Santiago Santurio es diputado nacional por La Libertad Avanza desde diciembre de 2023. Antes de asumir su banca, era profesor y completaba sus ingresos manejando Uber. Dos años y medio después, compró una casa en un barrio cerrado de Villa Ballester valuada en aproximadamente 300 mil dólares, financiada en un 80% con un crédito hipotecario del Banco de la Nación Argentina por 239.000 dólares a 30 años. Es el mismo Santurio que el miércoles 20 de mayo, durante el debate de Zonas Frías en Diputados, fue increpado por Germán Martínez ante el recinto y abandonó su banca enojado después de que el jefe del bloque peronista lo llamara «atorrante» y lo vinculara a los intereses del asesor presidencial Santiago Caputo en Tierra del Fuego.
La diputada Marcela Pagano lo denunció penalmente por enriquecimiento ilícito, omisión maliciosa de datos en su declaración jurada, negociaciones incompatibles con la función pública y cohecho pasivo. La denuncia quedó radicada en el Juzgado Federal N° 3, a cargo de Daniel Rafecas, como causa 2511/2026. La instrucción está delegada en la fiscal Alejandra Mangano.

Los números que no cierran
El ingreso neto de un diputado nacional, descontando Ganancias, aportes jubilatorios, obra social y aporte sindical, es de aproximadamente 4.500.000 pesos mensuales. La cuota del crédito hipotecario que paga Santurio representaría más del 48% de ese ingreso familiar neto —casi el doble del límite del 25% que el propio Banco Nación suele aplicar como tope. La esposa de Santurio, María Celina Aguilar Bugeau, no tiene inscripción activa ante ARCA y no exterioriza ingreso formal. Según la denuncia de Pagano, se dedicaría a la venta de obras de arte religioso y al dictado de talleres, con ventas al exterior en particular a Alemania, pero sin trazabilidad documental.
El sitio Cuánto Deben, que sistematiza información del Banco Central, clasifica a Santurio en la categoría de «riesgo alto» como deudor. Para Pagano, el crédito hipotecario «nunca debió haber sido aprobado por el Banco Nación en aplicación estricta de sus propias normas». El argumento es simple: un diputado nacional no es un empleado público con estabilidad, su mandato vence en fecha cierta y otorgarle un crédito a 30 años —quince veces el plazo restante de su mandato al momento en que lo recibió— configura, en el mejor escenario, una desviación grave del manual de crédito.

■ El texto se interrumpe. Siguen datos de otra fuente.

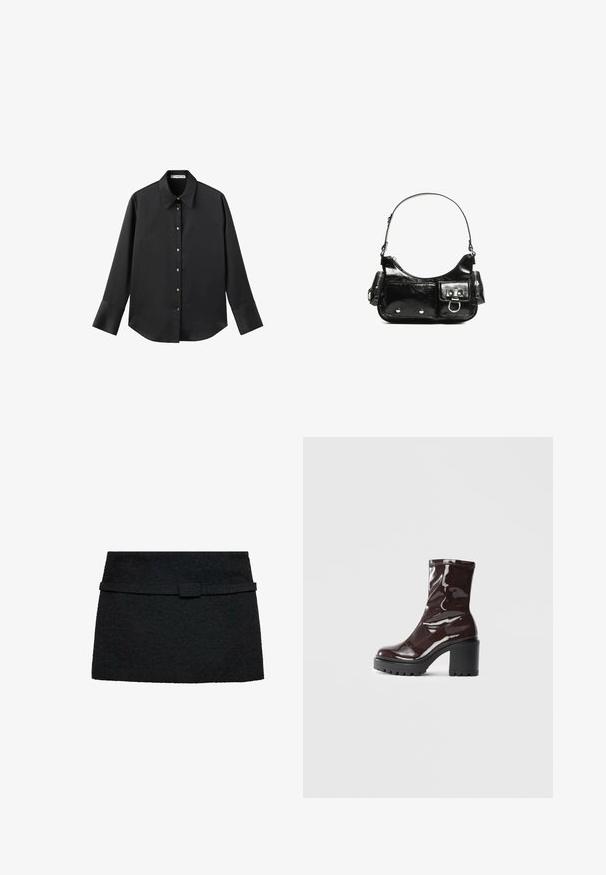 Black long-sleeve shirt in smooth fabric, featuring a classic collar, front button closure with gold-tone buttons, and wide cuffs.; Black mini skirt made of textured fabric, featuring a matching belt at the waist. Simple design with a straight cut and no patterns.; Glossy burgundy ankle boot with a chunky black heel, featuring a smooth texture and simple design. No visible fastenings or patterns.; Black patent leather handbag with a curved shape, one shoulder strap, front pockets, and silver-tone hardware accents.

Las declaraciones juradas tardías y la sociedad no declarada
A los problemas con el crédito se suma la historia de sus declaraciones juradas. La inicial de 2023, que debía presentar al asumir en diciembre de ese año, la presentó en octubre de 2025: veinte meses de mora. La anual de 2023 la presentó en enero de 2026, con quince meses de retraso. La de 2024, en abril de 2026, ocho meses después de lo requerido. Según la última declaración jurada presentada ante la Oficina Anticorrupción, Santurio declaró un patrimonio de 12 millones de pesos: algo menos de 4,5 millones en una caja de ahorro, 5 millones en efectivo y unos 4.000 dólares distribuidos en dos cuentas. No declaró la propiedad que compró con el crédito del Nación.

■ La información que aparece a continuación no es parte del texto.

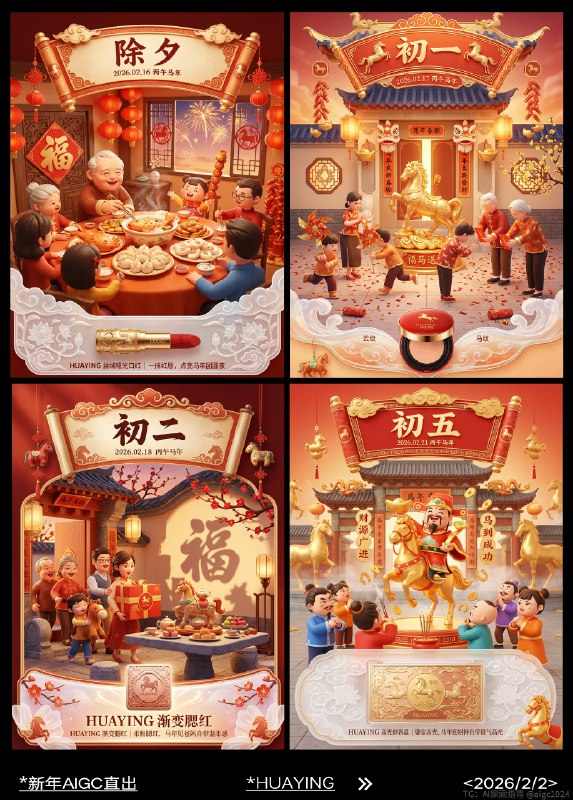 AIGC直出，2026新年祝福美妆海报（附提示词） AIGC生成开年海报，提示词参考：3d卡通c4d高精度渲染风格，搞怪风格，神秘感，夸张感，正红鎏金暖橙为主色调，2026 丙午马年初五迎财神场景，顶部仿古卷轴标框，饰祥云纹回纹马纹，框内写 “初五”，标注 “2026.02.21 丙午马年”，两侧挂迷你金元宝马形挂饰；主画面众人燃香迎财神，财神骑金马持元宝如意，周围散金币马蹄铁，空中浮 “财源广进”“马到成功” 文字，背景贴马年春联大门、龙形装饰、宫灯，庭院放鎏金马形雕像；底部半透明白色云纹底框，饰缠枝莲纹马纹，嵌入 HUAYING 高光修容盘，包装鎏金浮雕印品牌 LOGO 奔马，配文案 “HUAYING 高光修容盘 | 鎏金高光，马年迎财神自带贵气高光”，底框右下角加财神马形装饰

Pero la omisión que Pagano considera más grave es otra. Santurio integra desde hace casi 14 años una estructura societaria de tenencia de bienes inmuebles denominada «Condominio Santurio Rodríguez Santiago Javier y otros», creada en 2012 y operativa desde 2013. Según la denuncia, nunca declaró esa participación ante la OA: ni el porcentaje de copropiedad, ni los bienes inmuebles del condominio, ni las rentas locativas que presuntamente percibe desde hace más de una década. Eso configuraría el delito de omisión maliciosa y persistente de datos esenciales en declaración jurada pública.
Santurio no fue el único legislador o funcionario que accedió a créditos hipotecarios del Banco Nación en condiciones cuestionadas. También lo hicieron los diputados oficialistas Mariano Campero y Lorena Villaverde, los funcionarios del Ministerio de Economía Felipe Nuñez y Federico Furiase, y Sharif Menem, asistente del presidente de Diputados Martín Menem. El escándalo por los créditos del Nación a funcionarios y legisladores lleva varias semanas circulando y suma capítulos. El de Santurio es el más detallado hasta ahora en términos de la denuncia penal formal y el que tiene el contraste más llamativo: del Uber al country en dos años y medio.